Wo kommen Öko-Garnelen eigentlich her?
Der Lebensraum von Naturland zertifizierten Garnelen sind großflächige Teiche, in denen genügend Algen und Plankton wachsen. Dadurch muss gar nicht oder nur wenig zugefüttert werden und das natürliche Gleichgewicht des Gewässers bleibt intakt. Die Öko-Garnelen von Naturland kommen unter anderem aus Ecuador. Hier schreiben die Richtlinien zudem die Wiederaufforstung von ehemaligen Mangrovenbeständen vor.

Natürlicher Fang im Netz
Jeder zweite konsumierte Fisch stammt mittlerweile aus der Aquakultur. Doch die konventionellen Methoden haben ihre Schattenseiten. Mit Öko-Futter und viel Bewegungsfreiheit stellen Fische und Meeresfrüchte aus ökologischer Aquakultur eine umwelt- und tiergerechte Alternative dar.
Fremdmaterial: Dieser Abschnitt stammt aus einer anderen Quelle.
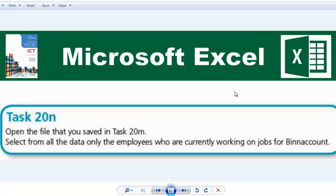Hello guys, welcome to another video. In this video we're going to be looking at task 20N. It says: open the file that you saved in task 20M, select from all the data only the employees who are currently working on jobs for BIN account. I'll upload the files needed to do some of these tasks, and I'll give you a link on how to get the files you can use to work on this.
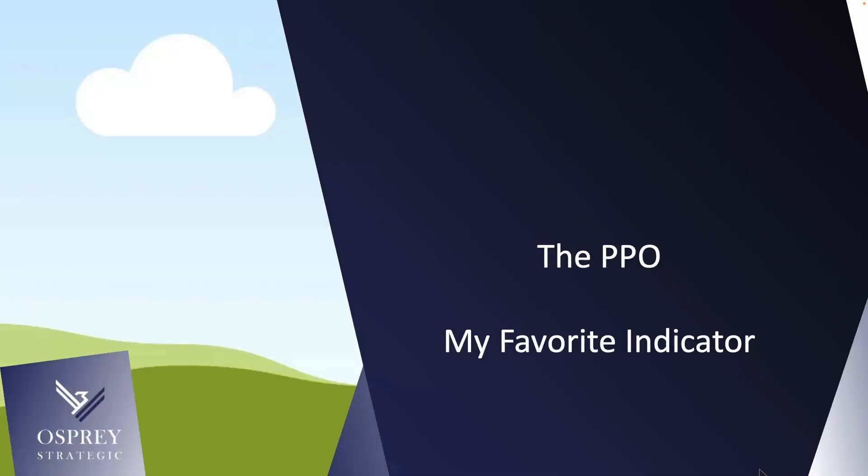Hi, I'm Greg Schnell. And I'm here with an educational segment for Osprey Strategic. I'm going to cover off the percentage price oscillator, which is my favorite indicator.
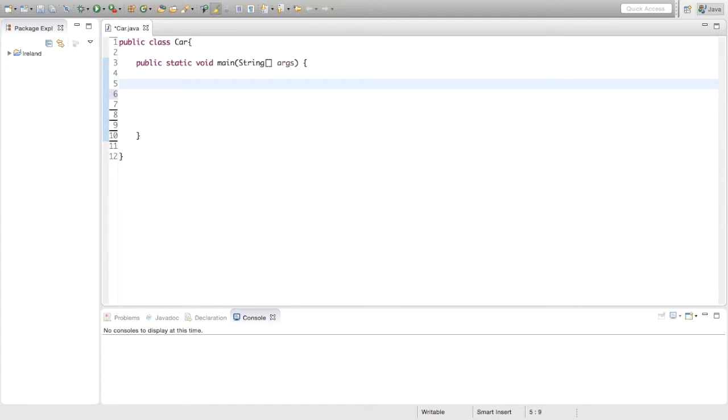Hey guys, TheSimpleStudent here, welcome to episode 26 of Java Programming for Beginners. Today we are going to look at something called an array of strings.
Fisch und Meeresfrüchte werden immer beliebter. Wenig Fett, hochwertiges Eiweiß sowie wichtige Mineralstoffe und Vitamine haben sie als wichtigen Bestandteil in einer gesunden Ernährung etabliert. Der weltweite Ertrag aus Wildfang und Fischzucht erreichte im Jahr 2006 bereits ein Volumen von rund 144 Millionen Tonnen, das sind vier Mal mehr Fische als noch vor 50 Jahren. Angesichts sinkender Bestände in den Weltmeeren gewinnt die kontrollierte Nachzucht in Fischfarmen dabei zunehmend an Bedeutung. Als moderne Form der Fischwirtschaft verzeichnet die Aquakultur enorme Zuwachsraten, birgt aber gleichzeitig eine Vielzahl von Problemen. In der konventionellen Schiene gehen damit häufig ein Raubbau an natürlichen Ressourcen, nicht tiergerechte Haltungsbedingungen sowie der massive Einsatz von Antibiotika und Chemikalien einher.
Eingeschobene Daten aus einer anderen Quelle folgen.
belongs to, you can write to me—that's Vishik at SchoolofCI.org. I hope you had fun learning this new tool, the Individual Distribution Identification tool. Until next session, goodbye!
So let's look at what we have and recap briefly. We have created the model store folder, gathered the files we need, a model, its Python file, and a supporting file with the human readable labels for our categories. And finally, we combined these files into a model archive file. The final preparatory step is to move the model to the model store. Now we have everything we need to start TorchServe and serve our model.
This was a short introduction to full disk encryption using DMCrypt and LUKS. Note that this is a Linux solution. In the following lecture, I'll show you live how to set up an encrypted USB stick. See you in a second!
Bereits Mitte der 90er Jahre entwickelte daher der Öko-Verband Naturland als einer der ersten Zertifizierer spezielle Richtlinien für eine ökologische Aquakultur. Das Naturland-Logo ist das am weitesten verbreitete Öko-Siegel für Fisch aus Aquakultur im deutschen Lebensmittelhandel. Im Januar 2010 wurde zudem ein europäisches Bio-Siegel für Zuchtfisch verabschiedet. Die Anforderungen des EU-Siegels dienen jedoch nur als Mindeststandard und liegen hinsichtlich Besatzdichte und weiteren detaillierten Regelungen deutlich unter den Naturland-Richtlinien. „Außerdem enthalten die Naturland-Richtlinien obligatorische Sozialstandards, bei denen zum Beispiel die Einhaltung von Arbeitnehmerrechten geprüft wird“, erklärt Dr. Stefan Bergleiter, Aquakulturexperte bei Naturland.
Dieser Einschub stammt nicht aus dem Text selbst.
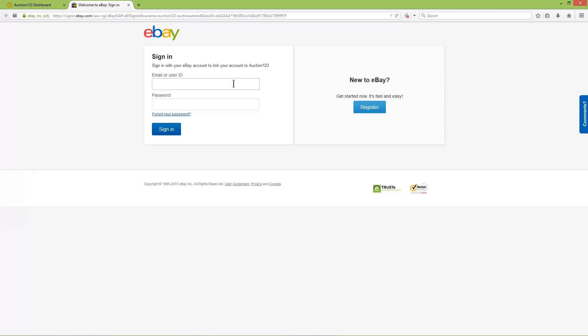Sign in with your eBay user ID and password. Please note that at no time does Auction123 see or know your eBay password, so that remains your secret.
Fische haben in Öko-Aquakultur mehr Platz
Die ersten ökologischen Aquakulturen entstanden von mehr als zehn Jahren als Pilotbetriebe in Europa. Inzwischen werden weltweit, vor allem auch in Südamerika und Südostasien Fische und andere Wassertiere nach ökologischen Richtlinien gezüchtet. Weltweit gibt es inzwischen zwar fast 250 zertifizierte Öko-Aquakulturbetriebe, dennoch macht deren Jahresproduktion von etwa 50.000 Tonnen weniger als ein Prozent am gesamten Fischertrag aus Aquakultur aus. Den größten Anteil daran hat Öko-Lachs mit einem Volumen von rund 16.000 Tonnen, gefolgt von Öko-Garnelen mit etwa 9.000 Tonnen.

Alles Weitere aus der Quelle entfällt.